Llevaríamos unos 15 minutos andando, cuando en un barbecho mi padre avista el bando de perdices tan esperado, hay que ver como les gusta a las patirrojas los barcos de los barbechos. Ahí la temperatura es más suave, y el viento no es tan fuerte. Nos agachamos sigilosamente, y corremos hacia ellas para pillarlas por sorpresa. Estaban peonando, huyendo de nosotros y en cuanto nos vieron alzaron el vuelo, unas 15 perdices, majestuosas. Sin ansia, pues aún queda día, disparamos los primeros tiros de la mañana. Me encaré la escopeta, quité el seguro y tardé unos segundos en elegir la pieza a la que iba a disparar, en ese momento oí el disparo de mi padre, yo disparé mi Benelli, fallé. Cuando apunté mejor, apreté el gatillo, pero la escopeta no disparó. Se me había vuelto a encasquillar por el seguro. Con los nervios del lance no le quito del todo y el gatillo se queda impasible ante la fuerza de mi dedo índice.

-«¡Se me ha encasquillado, joder!», grité, como queriendo justificarme ante mi fallo.

Mi padre estaba cobrando su pieza.

-«No he querido tirar a otra, tenemos mucha mañana por delante», me comentó.

Serían las 9:20 y ya llevábamos una perdiz. El cupo en mi pueblo es de dos perdices y una liebre por cazador y yo pienso que en la caza no hay que ser ansioso, hay que esperar el lance, y cuanto más bonito y difícil sea, mejor, pero eso sí, siempre hay que llevar la muestra.

Mientras erraba mi disparo, oteaba el vuelo de las otras perdices, se dividieron en dos bandos, las primeras se fueron hacia una ladera próxima, que apenas se atisbaba por la niebla. Las otras se fueron a un lindazo mucho más lejano. Mi padre y yo seguimos dando una mano a las lindes colindantes, pues las perdices se mueven mucho y nunca están dónde te muestran. Serían las diez más o menos cuando mi padre levantó varias perdices, oí dos disparos e inmediatamente después, dos perdices cruzaban con impavidez delante de mí, llevaban una velocidad endiablada, apunto a la que iba en cabeza, adelanto el tiro un poco y en el momento que yo creí óptimo, disparé. La perdiz hizo un gesto extraño pero siguió volando, me volví a encarar la escopeta dispuesto a volver a disparar, pero finalmente cayó en tierra. Me apresuré a ir por ella al barbecho, «Está de ala», pensé. No me equivocaba. Cobré pieza y al morral. Estaba entusiasmado, mi padre se asomó a la ladera, sorprendentemente había fallado sus disparos, yo le levanté el pulgar indicándole que había percha. -«¡Ya te he visto, ya! ¡Estaba de ala!», me gritó. Y seguimos cazando. Ya llevábamos 2 perdices.

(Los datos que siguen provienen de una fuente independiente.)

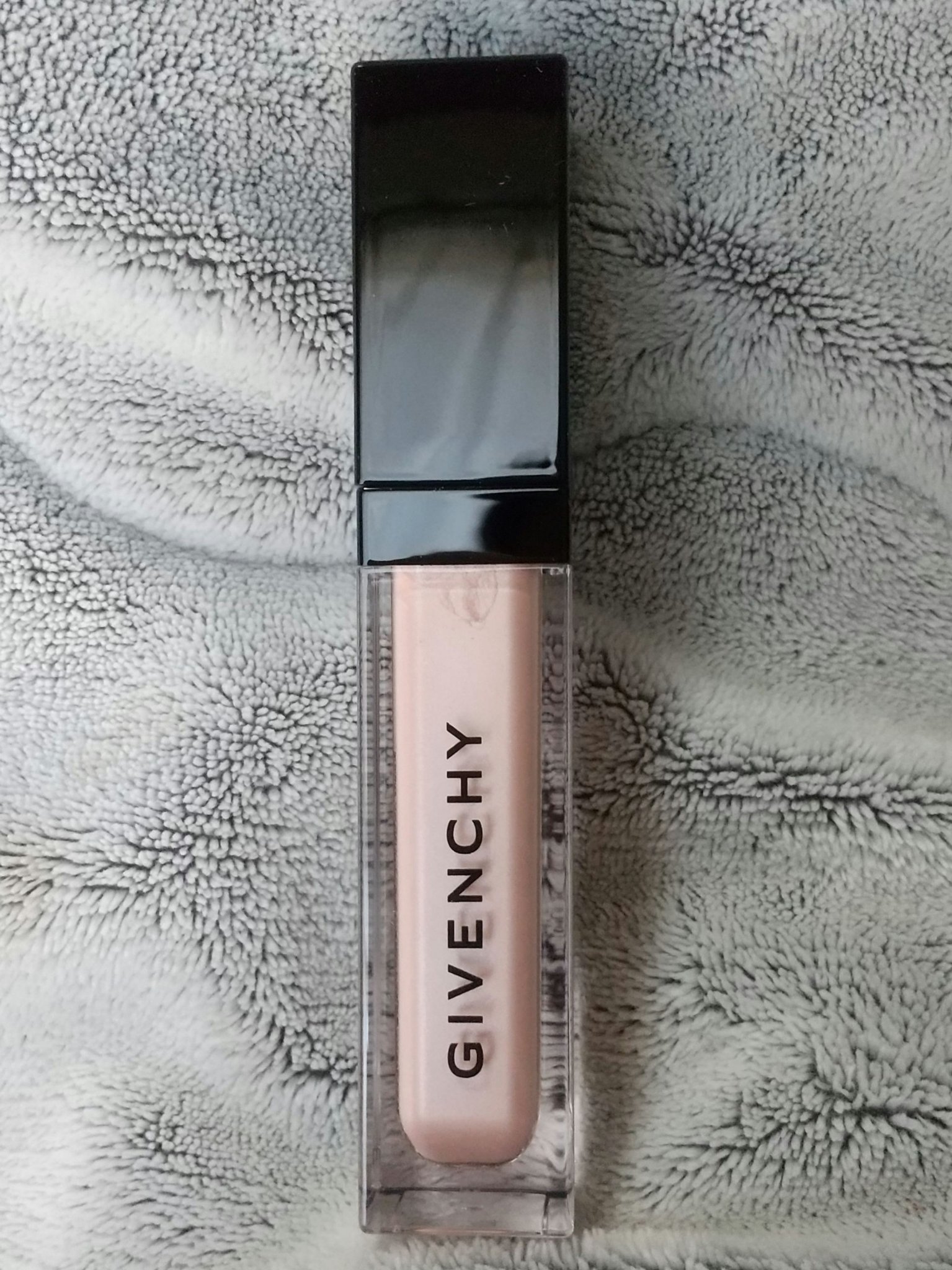 プリズム・リーブル・ スキンケアリング・ハイライター ローズ エクストラヴァガンザ/GIVENCHY/リキッドハイライトを使ったクチコミ（3枚目）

En las siguientes manos nos separamos un poco, yo me miré unos lindazos colindantes de la izquierda y mi padre los de la derecha, sin suerte. Nos juntamos en un cruce de caminos.

-«¡Míralas por dónde van!», le dije mientras señalaba un barbecho a lo lejos. Había unas 20 perdices, peonando hacia unos corrales cercanos.

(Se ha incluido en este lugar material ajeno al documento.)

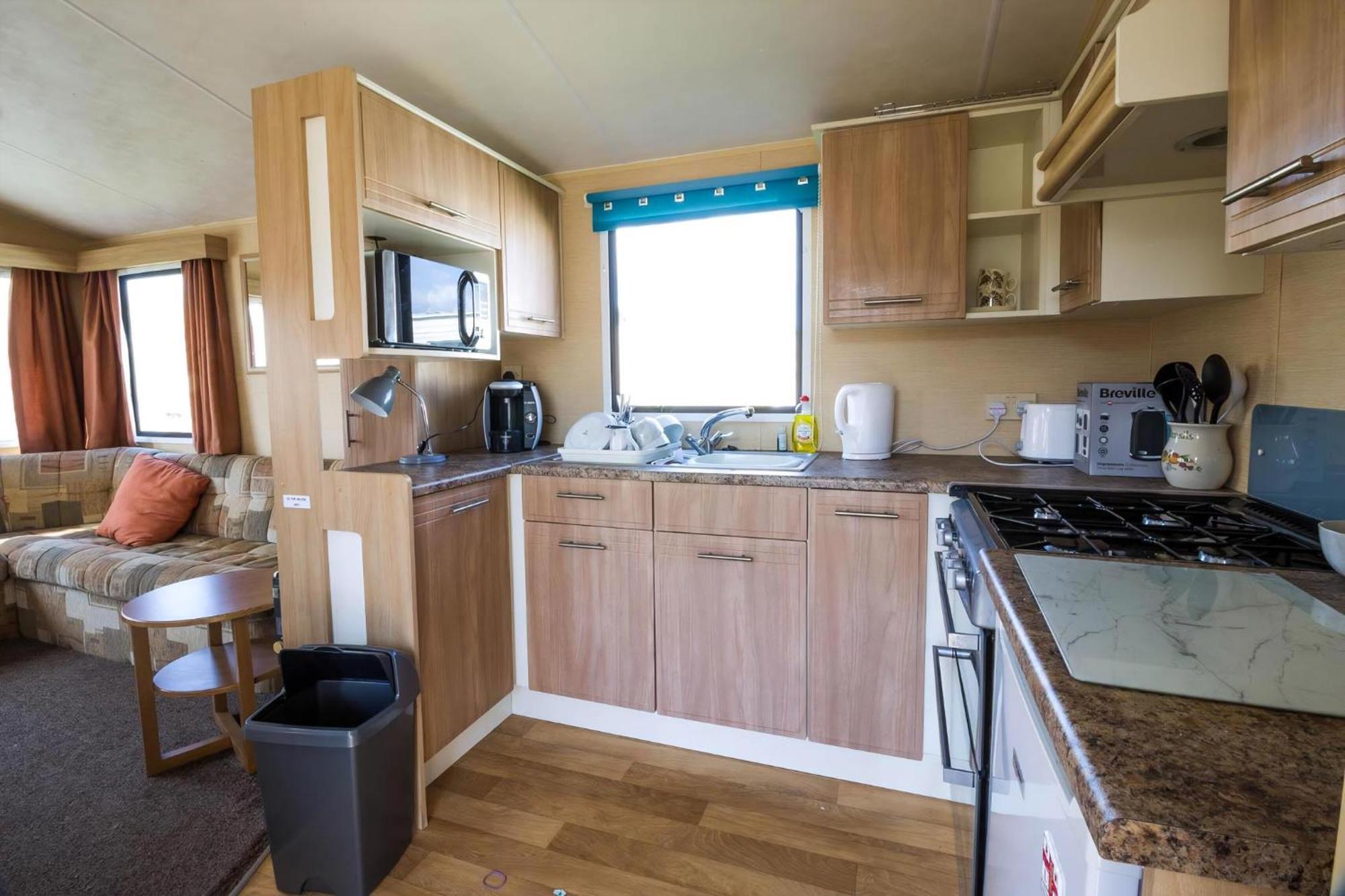 Lovely 6 Berth Caravan At Naze Marine Holiday Park In Essex Ref 17275C Walton-on-the-Naze Zewnętrze zdjęcie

-«Esas perdices no van a los corrales, van a quedarse en el barbecho», comentó mi padre.

Decidimos ir tras ellas. A todo esto, la niebla ya se iba despejando y ya podíamos ver casi todo el terreno.

Fuimos en dirección al barbecho, mirando antes una linde que había. Yo iba por arriba, oteando el barbecho, mi padre por abajo. De repente, dos perdices salen volando, una hacia detrás de mi padre y otra hacia mi lado. Yo a la mía la tenía muy larga y decidí no dispararla. Me quedé observando el lance de mi padre. Y qué lance, madre mía. Una perdiz de esas imposibles, que sólo los tocados por la magia de la caza pueden abatir, cruzada, entre la niebla y larga, muy larga. Los segundos parecían minutos y la pieza cada vez se iba más larga, hasta que, ¡pum!. Al primer tiro, la perdiz cayó reloncha, como solemos decir en jerga de caza. Impresionante. Vaya disparo. Yo no alcanzaba a ver la perdiz, pues ésta se perdía entre la niebla. Es increíble, una vez más, lo volvía a hacer. «Pero como puede ser, si es imposible» pensé. Yo desde luego a esa perdiz ni la hubiera tirado, pues malgastaría, seguramente, dos disparos. El del fracaso, y el de la rabia, como me gusta llamarlos.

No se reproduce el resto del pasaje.